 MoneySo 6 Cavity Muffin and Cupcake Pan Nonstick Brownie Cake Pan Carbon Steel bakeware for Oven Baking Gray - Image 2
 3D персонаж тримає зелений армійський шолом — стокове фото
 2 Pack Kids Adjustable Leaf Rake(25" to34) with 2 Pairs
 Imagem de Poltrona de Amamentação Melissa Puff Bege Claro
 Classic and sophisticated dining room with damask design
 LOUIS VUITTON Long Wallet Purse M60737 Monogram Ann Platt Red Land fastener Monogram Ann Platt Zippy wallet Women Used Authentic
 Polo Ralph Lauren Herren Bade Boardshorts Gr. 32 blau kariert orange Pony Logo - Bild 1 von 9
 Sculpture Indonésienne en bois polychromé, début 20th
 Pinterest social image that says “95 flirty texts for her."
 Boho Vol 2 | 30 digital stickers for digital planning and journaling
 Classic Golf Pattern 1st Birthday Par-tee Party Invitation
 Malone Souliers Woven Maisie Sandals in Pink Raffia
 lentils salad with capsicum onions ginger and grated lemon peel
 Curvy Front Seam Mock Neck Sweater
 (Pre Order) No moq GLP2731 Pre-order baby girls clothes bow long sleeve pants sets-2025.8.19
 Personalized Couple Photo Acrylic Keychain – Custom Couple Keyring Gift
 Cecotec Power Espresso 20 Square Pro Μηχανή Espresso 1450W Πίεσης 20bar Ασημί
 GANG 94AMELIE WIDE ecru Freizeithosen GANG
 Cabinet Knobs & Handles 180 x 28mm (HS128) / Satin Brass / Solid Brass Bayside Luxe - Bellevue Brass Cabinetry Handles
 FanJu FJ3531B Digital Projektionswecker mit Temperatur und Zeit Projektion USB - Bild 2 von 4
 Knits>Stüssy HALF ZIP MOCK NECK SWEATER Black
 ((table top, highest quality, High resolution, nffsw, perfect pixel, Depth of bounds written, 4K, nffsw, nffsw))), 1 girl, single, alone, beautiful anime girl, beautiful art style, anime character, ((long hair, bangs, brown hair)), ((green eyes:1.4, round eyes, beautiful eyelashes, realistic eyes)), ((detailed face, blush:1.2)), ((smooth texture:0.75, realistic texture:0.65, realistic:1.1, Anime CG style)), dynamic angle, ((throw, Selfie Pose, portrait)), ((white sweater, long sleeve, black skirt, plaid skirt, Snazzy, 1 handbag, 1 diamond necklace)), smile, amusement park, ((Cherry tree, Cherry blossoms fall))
-.-.-
[Instructions to follow] Report all lines of the data that include the word "Bild".

[Answer section]
 Polo Ralph Lauren Herren Bade Boardshorts Gr. 32 blau kariert orange Pony Logo - Bild 1 von 9
 FanJu FJ3531B Digital Projektionswecker mit Temperatur und Zeit Projektion USB - Bild 2 von 4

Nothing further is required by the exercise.